Un article de Livingstone.

La justice est une notion aussi abstraite que l'égalité sur laquelle elle s'appuie, symbolisée par la balance. En fait, souvent, la justice n'est qu'une sorte de catalogue de prix associés aux objets et aux actes qui, mis en balance, permet de mesurer ce qui est perdu/donné par l'un et pris/reçu par l'autre. Évidemment, ces « prix » sont liés à la culture locale où a lieu le jugement, ce qui rend difficile une Justice commune à tous. Pour éviter que cette Justice soit soumise aux caprices des hommes, des dominants en particulier, beaucoup s'en remettent à des valeurs morales divinisées. Hélas ! Chaque religion et chaque interprétation créant un schisme plus ou moins important ont leurs propres valeurs, soutenues d'ailleurs par les dominants « religieux » qui y trouvent leur compte... Entre les « justes prix » des supermarchés et les guerres justes, que de justices qui ne mettent même pas d'accord les dieux entre eux ! S'il est possible de mesurer le prix physique d'un objet ou d'un travail, comment mesurer l'abstrait de la pensée et des sentiments ? Comment donner un prix à la vie même ?

Le second aspect de la Justice est l'épée dont la fonction est de « trancher », de manière non pas aveugle à la réalité, mais aveugle aux sentiments qui font pencher la balance. Elle fait « respecter » l'évaluation de la balance en faisant payer une « indemnisation » à l'agresseur pour ce qu'il a soustrait à la victime. Cette dernière semble être aussi mal placée que le bourreau pour se faire justice, puisque son désir n'est pas nécessairement de rééquilibrer le « déséquilibre judiciaire », ou injustice. Plus encore que de récupérer l'équivalent ce qui a lui a été pris, la victime risque de souhaiter inverser le « déséquilibre de justice » pour faire subir au bourreau ce même sentiment d'injustice.

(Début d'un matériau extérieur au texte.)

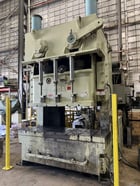 220 Ton, Aida #PDC-20, double crank gap frame press, 9.8" stroke, 19.6" Shut Height, 4.1" adj., 33 SPM, 94.4" - Image 3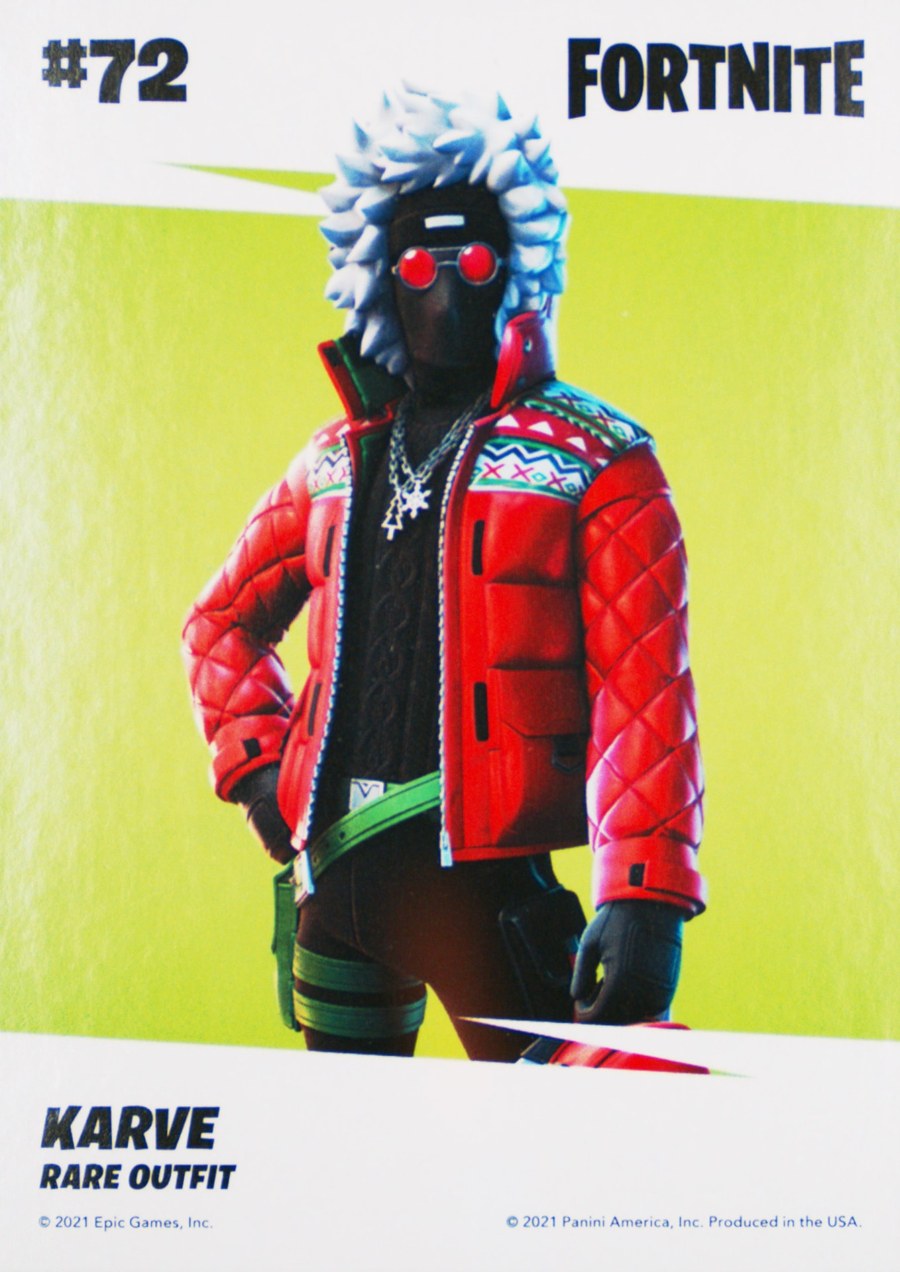 2021 Panini Fortnite Series 3 #72 Karve — Laser trading card back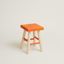 小号白蜡木凳子, 罂粟橙/橙色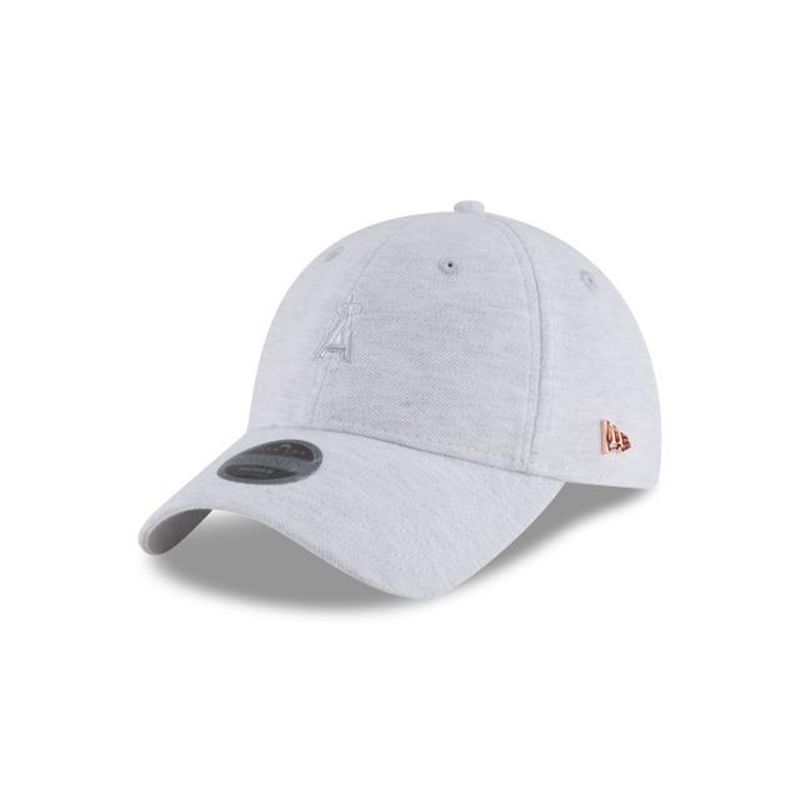 MLB Los Angeles Angels Womens Micro Stitch 9Twenty Adjustable (KKQ2072) - Grey New Era Caps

Le problème du désir de vengeance, c'est qu'elle peut prendre comme la colère le dessus sur tout raisonnement. Pourtant, même si tuer l'assassin de l'être aimé ne rend pas ce dernier, le désir de vengeance peut devenir une obsession et ces dégâts peuvent durer plus longtemps que la colère. Elle peut même se perpétrer chez les descendants et devenir un héritage familial, voire culturel !

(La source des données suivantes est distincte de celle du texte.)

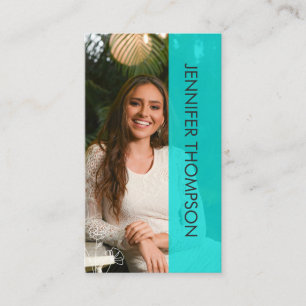 Modern Photo Professional Green Business Card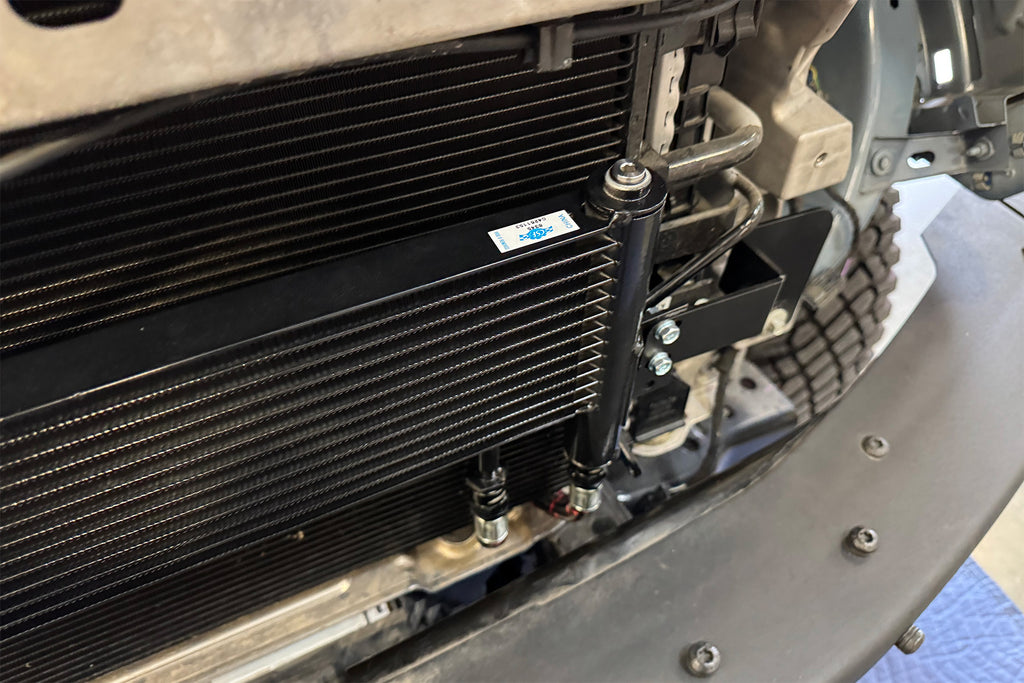 CSF Cooling - Racing & High Performance Division 8350 Ford Bronco 2.7L External Transmission Oil Cooler Kit for Select Ford Bronco
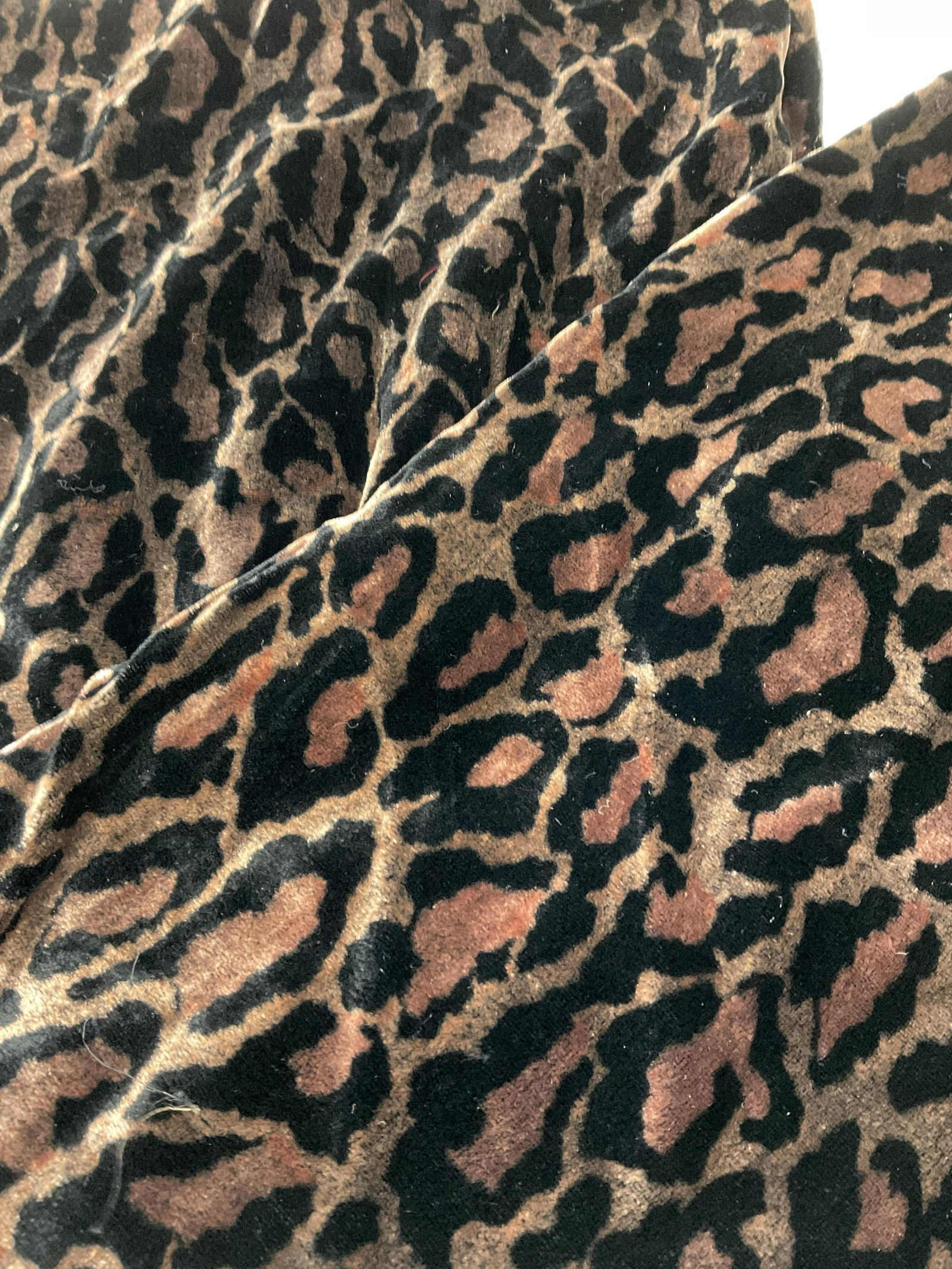 Leopard Print Silk Scarf (1 of 4)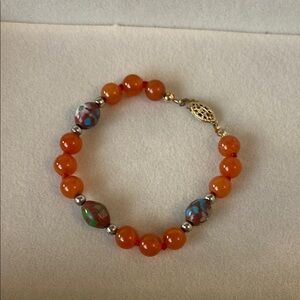 Elegant Carnelian Beaded Bracelet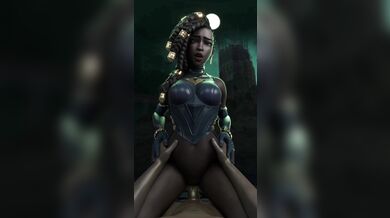 The League of Legends Senna, in a raw and uncensored 4K Hentai video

La vengeance devient alors l'épée aveugle et assoiffée de la justice.

Même si la loi du talion semble vouloir limiter l'escalade vengeresse, il n'est pas souvent réaliste de payer oeil pour oeil ou dent pour dent. Alors, la victime « évalue » et troque la peine : deux yeux pour une dent ? La balance sert au marchandage...

L'escalade finalement, conduit l'aveugle à tuer en compensation de sa propre vie désormais gâchée.

L'escalade vengeresse est l'une des conséquences de la domination et de l'agressivité associées. Elle n'est pas nécessairement directe : elle se retourne parfois et même souvent contre d'autres victimes. C'est par exemple l'enseignant qui rend à volonté son cours ardu inconsciemment, et qui redresse les épines derrière la route qu'il a suivie.

Et dans le pire des cas, elle aboutit aux paroxysmes des escalades guerrières avec leurs « frappes préventives », leurs « (re)conquêtes territoriales » et toutes les formes plus ou moins élaborées d'ingérences politiques.

Il faut à un moment donné, faire abstraction de cette Justice et choisir entre « jamais plus ça ! » et « vengeance ! ».


Si la haine répond à la haine, comment la haine finira-t-elle ? C'est le pardon qui doit y mettre fin (légende shintô).